» **WORK TO COMPLETE**: Write out the listing verbatim. No pictures belong in it.

» **INPUT DATA**:

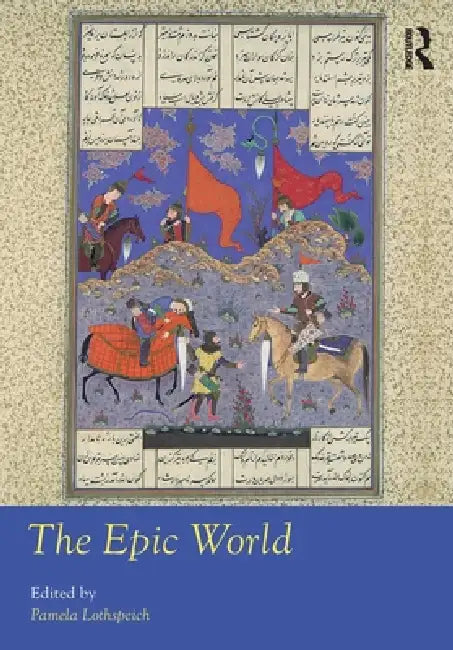 The Epic World by Pamela Lothspeich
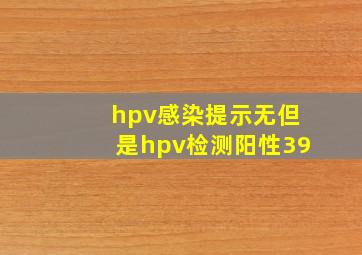 hpv感染提示无但是hpv检测阳性39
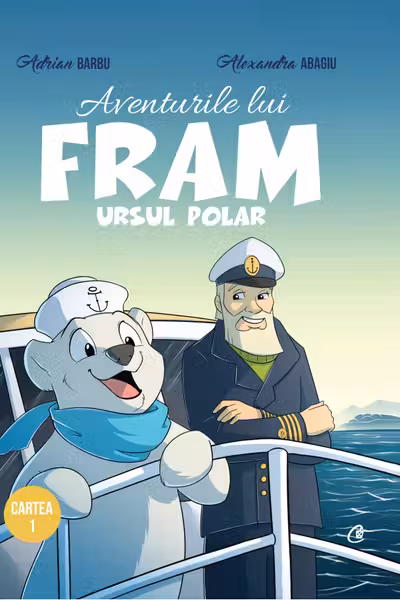 Aventurile lui Fram ursul polar. Cartea I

» **EXERCISE RESPONSE**:
 The Epic World by Pamela Lothspeich
 hpv感染提示无但是hpv检测阳性39
 Aventurile lui Fram ursul polar. Cartea I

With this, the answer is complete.